クラウドファンディングで目標額の2倍を調達!

これからという矢先、いきなりピンチに立たされた泉氏。その窮地で、「もともと構想を温めていた」という防災カタログギフトのアイデアにすぐアクションを切り替えた。

研修プログラムの受注をすべて失った数か月後の2020年7月には、クラウドファンディングサイトで防災カタログギフトのプロジェクトを掲載、支援を呼びかけた。すると、開始24時間後には目標額の150万円を達成。最終的には350万円を獲得するなど大きな反響を得た。

2020年12月、LIFEGIFTを正式に販売開始。当初は認知度が高まらず苦戦したが、すぐに追い風が吹く。NHKの朝と夕方のニュース番組でLIFEGIFTが採り上げられたのだ。
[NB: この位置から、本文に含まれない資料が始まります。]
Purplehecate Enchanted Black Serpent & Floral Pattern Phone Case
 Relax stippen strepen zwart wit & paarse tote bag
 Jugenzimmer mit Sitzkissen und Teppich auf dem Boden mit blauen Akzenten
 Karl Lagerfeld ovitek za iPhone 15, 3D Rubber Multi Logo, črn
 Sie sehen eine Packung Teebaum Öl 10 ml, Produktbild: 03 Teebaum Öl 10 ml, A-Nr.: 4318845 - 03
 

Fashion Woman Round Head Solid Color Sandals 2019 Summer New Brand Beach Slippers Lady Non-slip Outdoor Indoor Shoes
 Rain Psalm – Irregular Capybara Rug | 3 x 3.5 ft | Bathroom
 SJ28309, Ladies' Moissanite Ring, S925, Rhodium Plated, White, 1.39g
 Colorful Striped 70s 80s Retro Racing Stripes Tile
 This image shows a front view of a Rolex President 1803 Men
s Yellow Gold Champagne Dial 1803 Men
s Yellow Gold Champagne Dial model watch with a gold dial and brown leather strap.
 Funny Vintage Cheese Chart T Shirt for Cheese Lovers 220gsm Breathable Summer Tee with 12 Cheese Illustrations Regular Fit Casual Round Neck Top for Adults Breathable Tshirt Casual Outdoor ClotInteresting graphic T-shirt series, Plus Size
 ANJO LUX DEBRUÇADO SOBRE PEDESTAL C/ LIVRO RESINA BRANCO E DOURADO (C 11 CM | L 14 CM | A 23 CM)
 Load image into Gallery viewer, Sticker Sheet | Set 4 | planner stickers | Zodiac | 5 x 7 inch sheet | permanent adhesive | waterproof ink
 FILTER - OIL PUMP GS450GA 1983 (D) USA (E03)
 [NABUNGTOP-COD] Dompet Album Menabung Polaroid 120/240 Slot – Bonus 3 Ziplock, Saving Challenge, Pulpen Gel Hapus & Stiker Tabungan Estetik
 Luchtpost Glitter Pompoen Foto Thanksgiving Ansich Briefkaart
その直後、「このニュースを観た」と声をかけたのが、ホームセンター大手の東急ハンズ。全国約50店舗にポップアップショップを展開し、LIFEGIFTが大きく認知されるきっかけとなった。

その後も、SDGsの追い風にも乗って、LIFEGIFTはさまざまなメディアで紹介され、そのたびに認知度を高めていった。現在では月間で400冊前後を販売し、堅調に事業を伸ばしている。